The amendments also included other nonsubstantive changes intended to update and clarify certain Bylaw provisions or conform them to current Delaware or other applicable law. A copy of the Company's Amended and Restated Bylaws is attached hereto as Exhibit 3.1 and is incorporated into this Item 5.03 by reference.

As a result of changes concerning the Company's advance notice provisions (see item (iii) above), to be timely for the 2013 annual meeting, if it occurs on May 3, 2013, proposals to nominate directors, and proposals for matters other than director nominations (other than proposals submitted for inclusion in the proxy statement), must be received at the Company's principal executive offices no earlier than February 2, 2013, and no later than March 4, 2013.

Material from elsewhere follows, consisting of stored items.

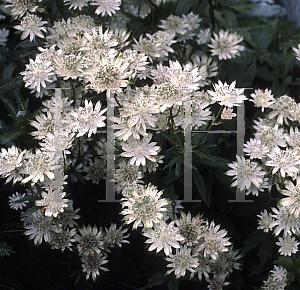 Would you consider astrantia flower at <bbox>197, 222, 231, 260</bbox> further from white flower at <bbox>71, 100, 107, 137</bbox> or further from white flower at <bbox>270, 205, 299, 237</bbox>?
white flower at <bbox>71, 100, 107, 137</bbox>

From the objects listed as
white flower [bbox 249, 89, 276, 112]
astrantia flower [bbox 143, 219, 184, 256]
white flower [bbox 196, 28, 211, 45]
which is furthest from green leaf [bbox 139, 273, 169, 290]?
white flower [bbox 196, 28, 211, 45]

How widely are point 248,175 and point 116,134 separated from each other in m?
0.68

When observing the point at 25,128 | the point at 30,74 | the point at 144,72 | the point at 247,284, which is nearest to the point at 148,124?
the point at 144,72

Item 5.05 Amendments to the Registrant's Code of Ethics, or Waiver of a Provision of the Code of Ethics.

(a)

At a meeting held on August 7, 2012, the Board of Directors of the Company approved various amendments to the Company's Code of Business Conduct and Ethics (the "Code"). The material changes to the Code included:

(i) Addition of a paragraph stating that any outside employment that interferes with the performance of an employee's duties could create a conflict of interest or the appearance of a conflict of interest. Further, the paragraph states that working for a competitor is grounds for immediate dismissal. (Article III, item e).

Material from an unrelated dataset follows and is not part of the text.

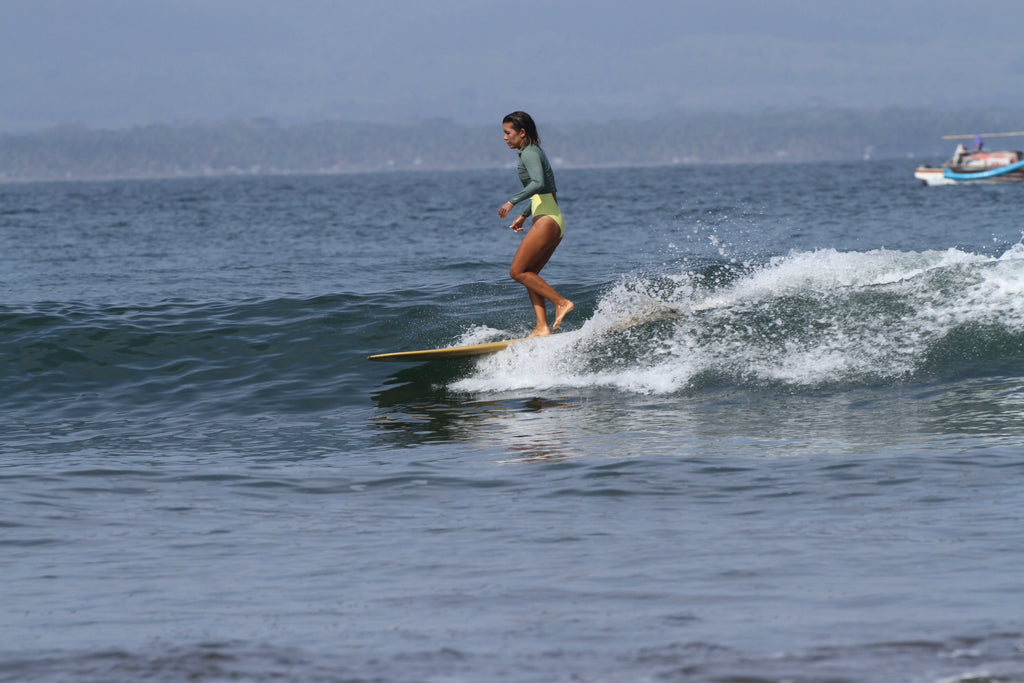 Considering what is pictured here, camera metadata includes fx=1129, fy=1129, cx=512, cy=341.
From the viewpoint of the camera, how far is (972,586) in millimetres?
5168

(ii) Addition of language that clarifies that the Company may not guarantee personal loans or obligations of directors, officers or employees as such guarantees would constitute a conflict of interest. (Article III, item f).

(iii) Addition of a statement that employees who properly report good-faith safety concerns and on-duty injuries can do so without fear of reprisal. (Article VIII, Section D).

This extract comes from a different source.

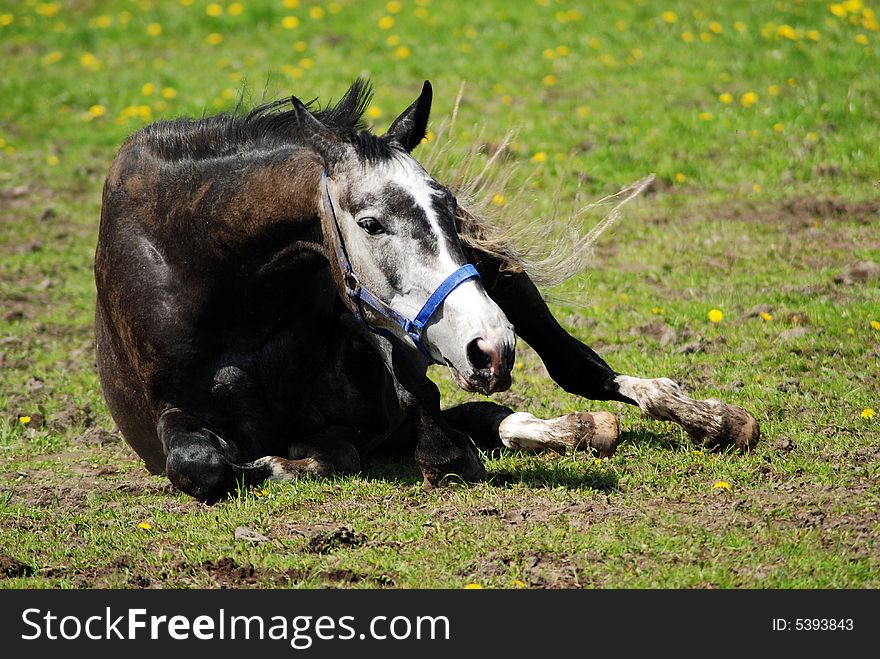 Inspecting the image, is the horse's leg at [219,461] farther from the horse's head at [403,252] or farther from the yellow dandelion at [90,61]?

The amendments to the Code also included other nonsubstantive changes. A copy of the amended Code is available in the "Corporate Governance – Governance Documents" section under the "Investors" tab of the Company's website, www.kcsouthern.com.





Item 9.01 Financial Statements and Exhibits.

(d) Exhibits

3.1 Amended and Restated Bylaws of Kansas City Southern as amended and restated to August 7, 2012.

10.1 Employment Agreement dated July 24, 2009, between The Kansas City Southern Railway Company and David R. Ebbrecht.

99.1 News Release issued by Kansas City Southern dated August 8, 2012.






SIGNATURES

Pursuant to the requirements of the Securities Exchange Act of 1934, the registrant has duly caused this report to be signed on its behalf by the undersigned hereunto duly authorized.

         
    Kansas City Southern
          
August 13, 2012   By:   /s/ Brian P. Banks
       
        Name: Brian P. Banks
        Title: Associate General Counsel & Corporate Secretary


Exhibit Index


     
Exhibit No.   Description

 
3.1
  Amended and Restated Bylaws of Kansas City Southern as amended and restated to August 7, 2012.
10.1
  Employment Agreement dated July 24, 2009, between The Kansas City Southern Railway Company and David R. Ebbrecht.
99.1
  News Release issued by Kansas City Southern dated August 8, 2012.